**Brief descriptive captions**
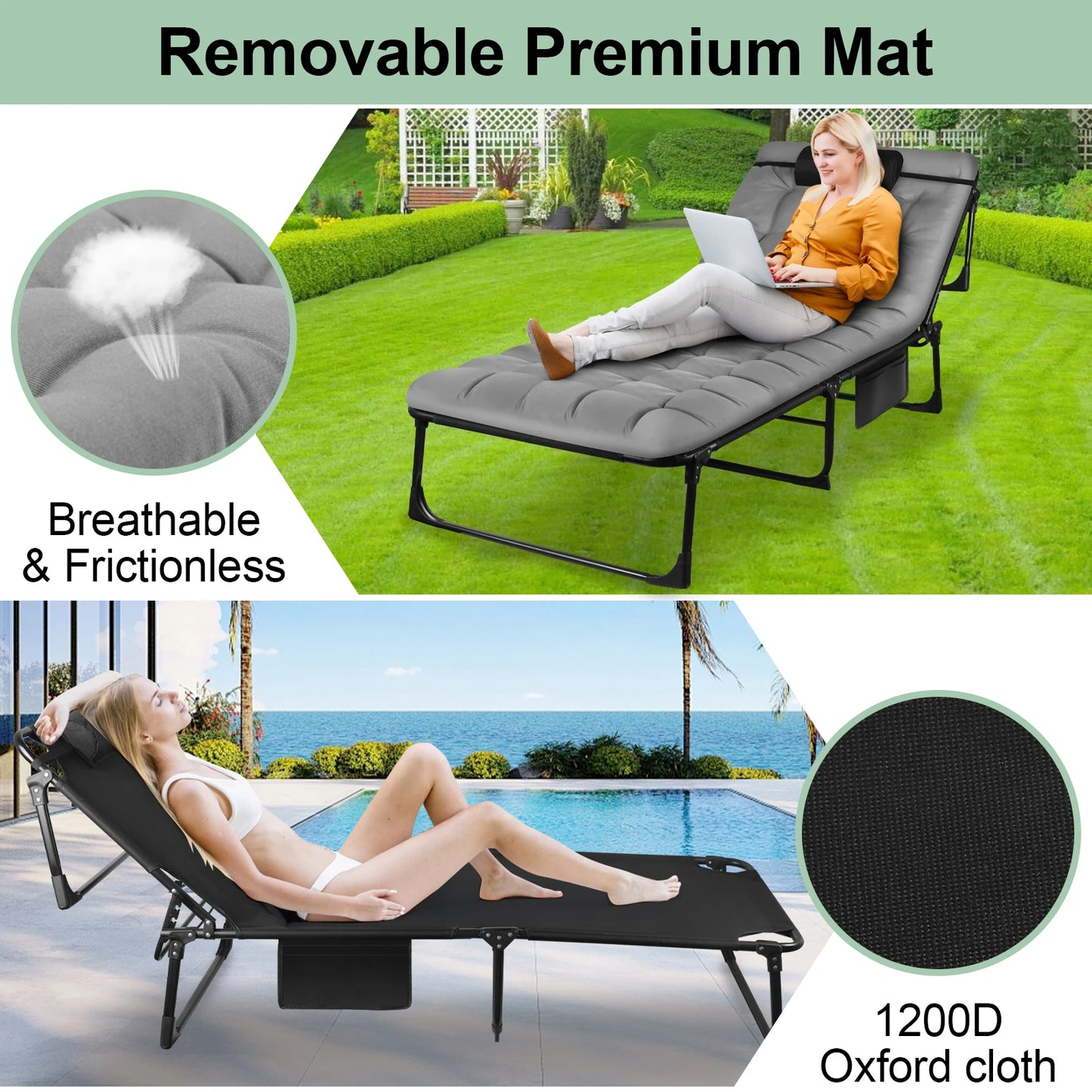 Portable Folding Camping Cot Three-Position Adjustable Lounge Chair With Pillow - Arthur's Wellness Emporium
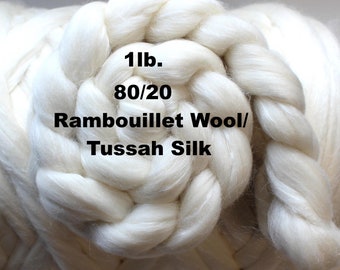 1lb 80/20 Rambouillet Wool / Tussah Silk Climate Beneficial Combed Top  Roving for Spinning for Dyeing Bare Handspinning Fiber White Pound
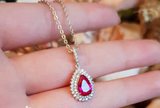 1.5ct Pear Pink Ruby Double Halo Cluster Pendant with Chain 14k White Gold Over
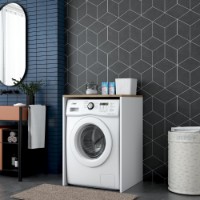 Шкаф для стиральной машины Rani KD103 Walnut White фото №3 — интернет-магазин Desire.md
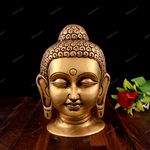 Vintage Gulley Brass Buddha Head I Lord Buddha Head Brass Idol Sculpture Statue | Meditating, Tranquil State | Home & Office Decor | Buddha Showpiece - Big Size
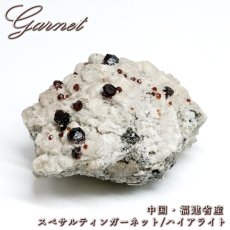 画像1: スペサルティンガーネット ハイアライト 原石 中国 福建省産 共生鉱物 【 一点もの 】 Spessartine Garnet ガーネット 標本 鉱物 結晶 希少 お守り 浄化 天然石 パワーストーン カラーストーン (1)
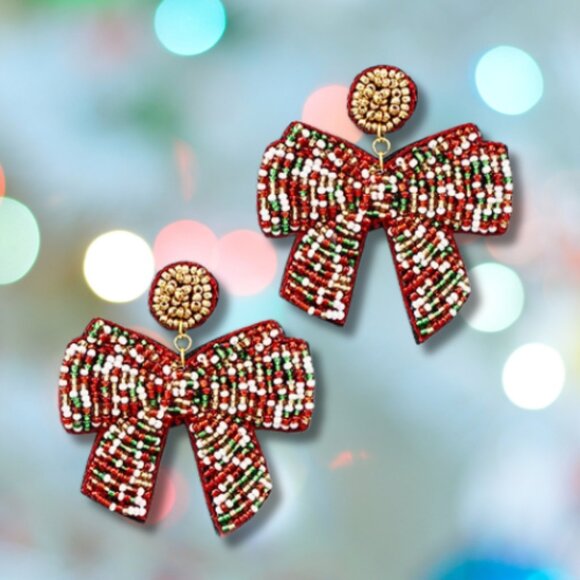 Christmas Ribbon Seed Beaded Statement Gift Colorful Bow Earrings NEW - Picture 6 of 6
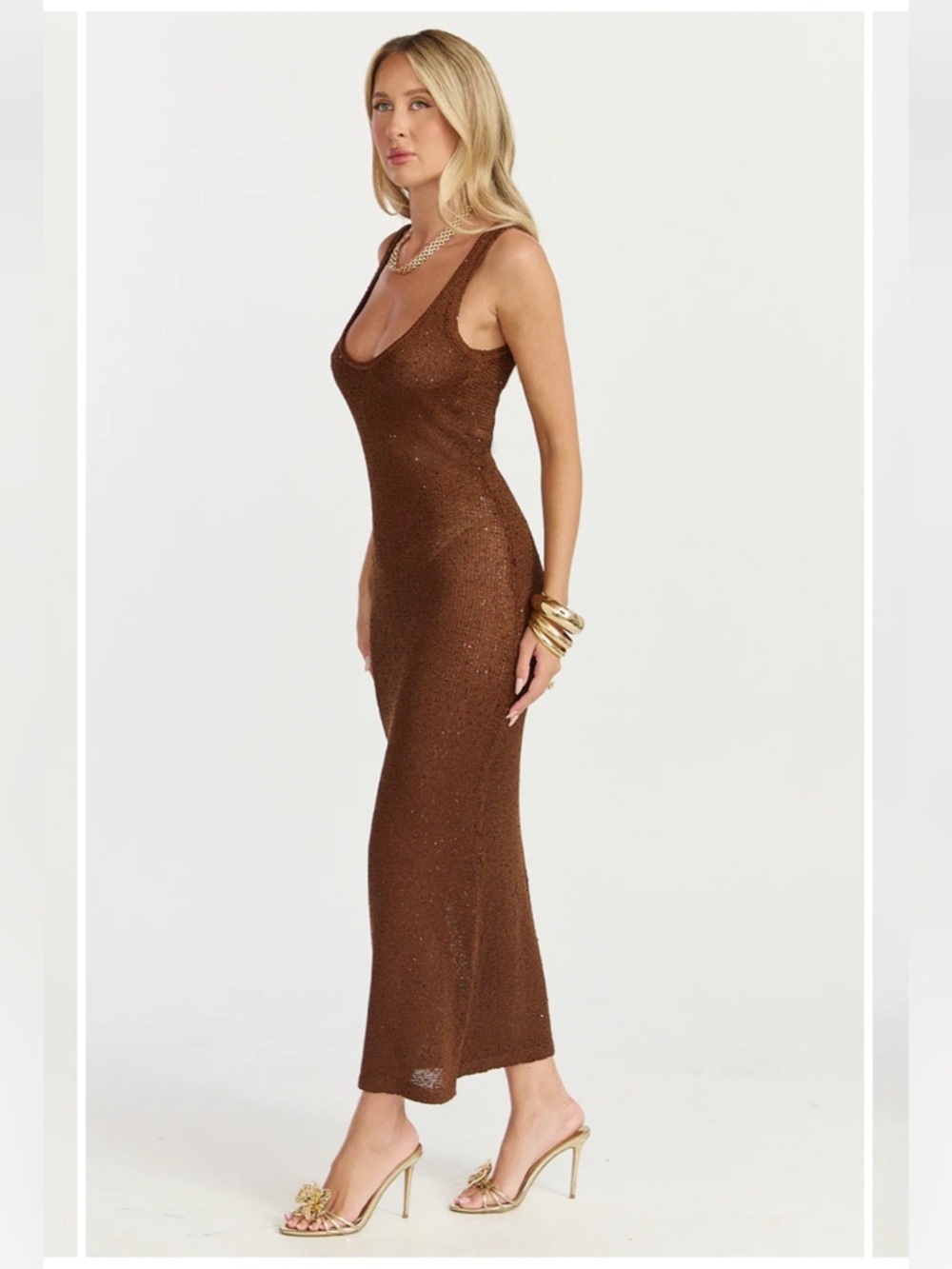 Showpo Jenna Maxi Dress Scoop Neck Sleeveless Sequin Knit Dress In Chocolate - Picture 3 of 12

**Aim of the task**
Find the line holding "画像1: スペサルティンガーネット ハイアライト" in the data above. Retype it and every later line exactly, through the end, but not the pictures.

**Written response**
 画像1: スペサルティンガーネット ハイアライト 原石 中国 福建省産 共生鉱物 【 一点もの 】 Spessartine Garnet ガーネット 標本 鉱物 結晶 希少 お守り 浄化 天然石 パワーストーン カラーストーン (1)
 Christmas Ribbon Seed Beaded Statement Gift Colorful Bow Earrings NEW - Picture 6 of 6
 Showpo Jenna Maxi Dress Scoop Neck Sleeveless Sequin Knit Dress In Chocolate - Picture 3 of 12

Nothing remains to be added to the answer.